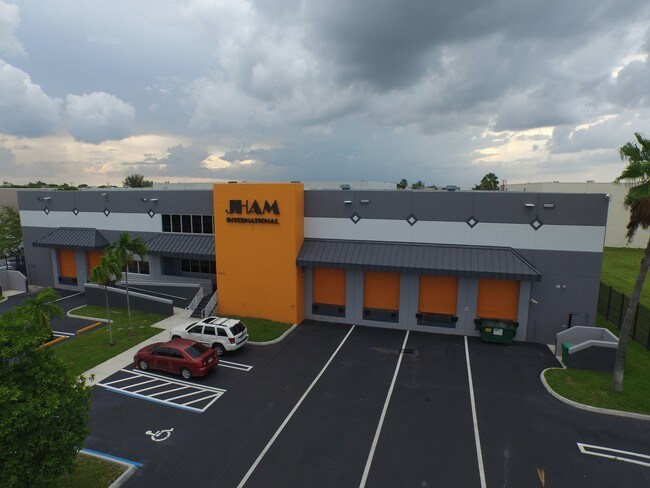 Plus de détails pour 10855 NW 27th St, Doral, FL - Industriel à louer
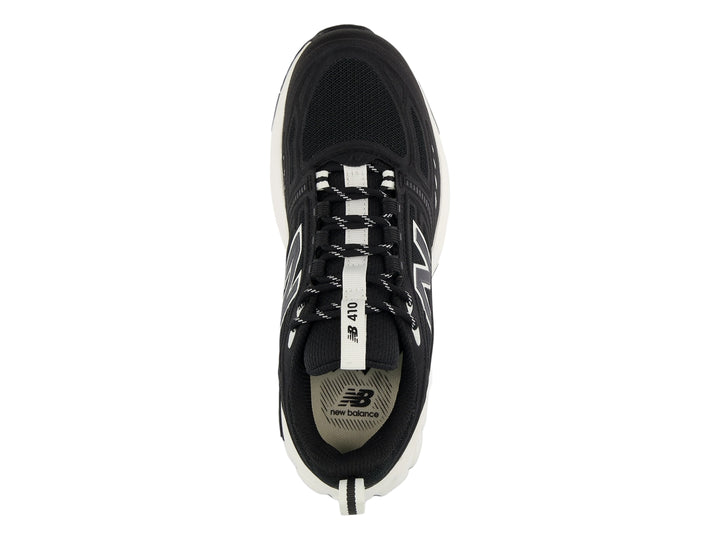 Tenis New Balance 410 color negro con suela blanca para mujer.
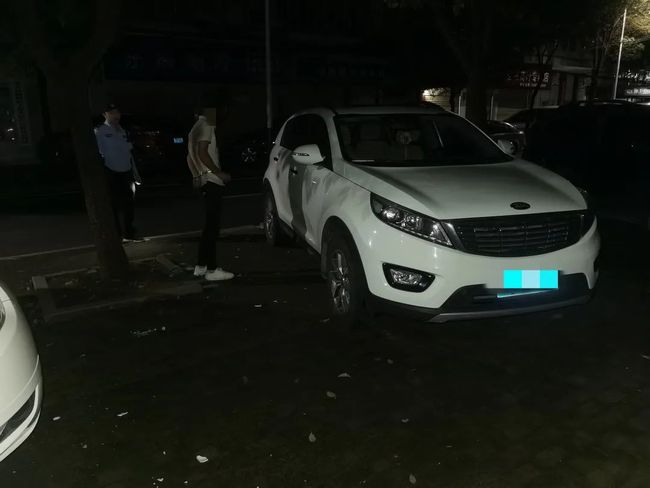 以旧换新?两人用废旧汽车配件“换”新配件被抓! 以旧换新?两人用废旧汽车配件“换”新配件被抓!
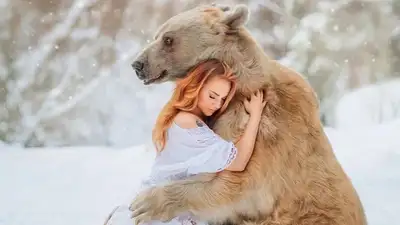 Поклонники осудили певицу МакSим за фотосессию в объятиях медведя, фото - Новости Zakon.kz от 20.02.2024 01:21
*-*-*
* _ASSIGNED TASK_
Reproduce the data word for word, excluding its pictures.

* _EXERCISE OUTPUT_
 Plus de détails pour 10855 NW 27th St, Doral, FL - Industriel à louer
 Tenis New Balance 410 color negro con suela blanca para mujer.
 以旧换新?两人用废旧汽车配件“换”新配件被抓! 以旧换新?两人用废旧汽车配件“换”新配件被抓!
 Поклонники осудили певицу МакSим за фотосессию в объятиях медведя, фото - Новости Zakon.kz от 20.02.2024 01:21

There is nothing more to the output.